Ideally, I would always find a dense wood so that no one would know I was there. The underbrush would be sparse and a clean spring would run close by, good for quick-filtered water and washing clothes and myself. And while that scene does happen with some frequency, it's just as likely I'll make camp in a sparse wood on the other side of a highway embankment, or in a dilapidated public park, or after clearing away snake and bug and thorn-infested underbrush from impassibly thick scrub land. Or, I won’t find any spots that feel safe, and I'll wait until nightfall to set up camp in a dark, inhospitable but hidden spot, and I'll set up camp without a headlamp and leave before first light.

There is a certain clarity that comes from a combination of fear and fatigue. This inconvenience, discomfort, and fear are not just a necessary byproduct of this trip, but rather one of the points. I know that Sarah would have faced much worse on her walk west, and rather than just research or imagine, I wanted to put my body through some version of the real fear, real vulnerability, and real danger she must have faced between Tennessee and Arkansas.

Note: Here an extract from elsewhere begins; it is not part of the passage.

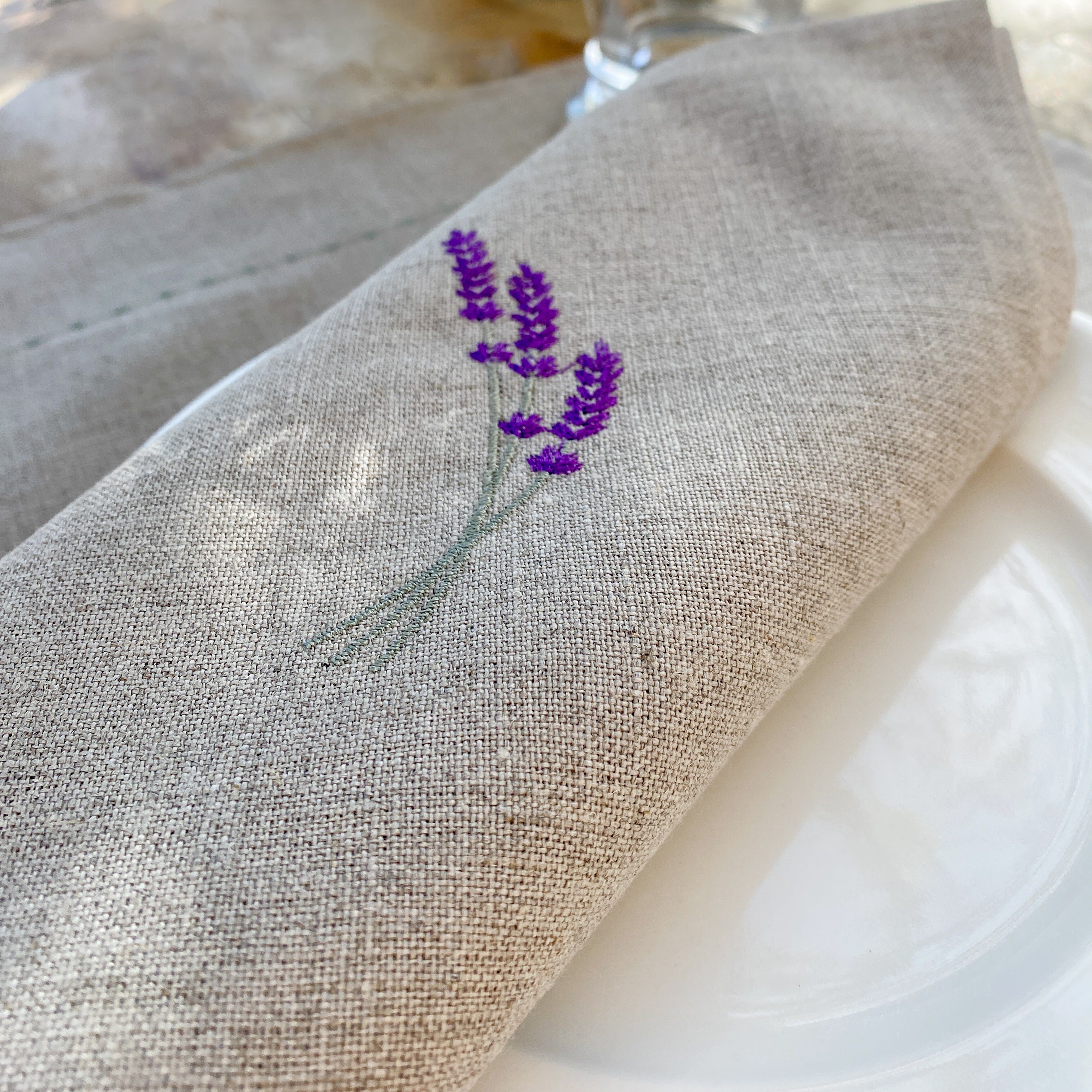 Leinenserviette mit zarter Lavendelstickerei, handgefertigt in unseren Werkstätten in Südfrankreich. Präsentiert auf einem stilvoll gedeckten Tisch – ideal für eine natürliche, elegante Tischdekoration.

For my purposes, it's a gift that this land hasn’t changed all that much in 150 years. There's still nowhere to buy food for many days at a time, and the plots of land are still divided by wandering tree lines, or old stone walls. There is none of the geometry of the Midwest, or the wealth that comes from corporate farms. Middle Tennessee is a land passed over in many ways, like much of the South.

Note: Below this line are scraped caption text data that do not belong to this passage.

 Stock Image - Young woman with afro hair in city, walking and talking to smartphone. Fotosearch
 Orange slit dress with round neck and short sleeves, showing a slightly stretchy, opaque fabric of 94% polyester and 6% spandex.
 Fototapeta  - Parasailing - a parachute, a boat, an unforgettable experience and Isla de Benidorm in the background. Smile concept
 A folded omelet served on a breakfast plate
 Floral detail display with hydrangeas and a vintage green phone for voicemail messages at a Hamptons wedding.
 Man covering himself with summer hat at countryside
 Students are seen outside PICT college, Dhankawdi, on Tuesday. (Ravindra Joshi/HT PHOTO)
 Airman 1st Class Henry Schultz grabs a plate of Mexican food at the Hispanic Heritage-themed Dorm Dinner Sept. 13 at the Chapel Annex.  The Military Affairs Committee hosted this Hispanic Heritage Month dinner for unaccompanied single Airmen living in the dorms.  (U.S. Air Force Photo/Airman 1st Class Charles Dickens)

But, the differences between my trip and Sarah's still overwhelm the similarities. There are roads, cars, more people, cell phones. There are not starving soldiers in the woods, or runaway enslaved people trying desperately not to be seen. I buy, carry, and cook my food on a portable stove, rather than hunt and gather and make a fire if possible in this chronically soggy land.

And, most significantly, I have a safety net—people following me via GPS, phone service most days, and the knowledge that if I needed to bail, I could. It was foolish, I now realize, to think that this trip in any ways emulates that of my Great-Great-Great-Grandmother.

I understand now that this is not a re-creation, but a devotional. It is a pilgrimage to honor the movement and bravery of the woman who traveled a great distance to start my family. Throughout this trip, in my interactions with wildlife, with locals, with the texts I'm reading, and with my own body, Sarah is always on my mind. I overlay onto everything my evolving understanding of her, and of her daughter, Jennie, and of her daughter, Theodora, and of her daughter, Marianne, who was my grandmother. By my memories, stories, and my wandering stabs at researching people who are lost, I feel us cinching closer together. I still don't exactly know what I'm doing out here, but I feel close.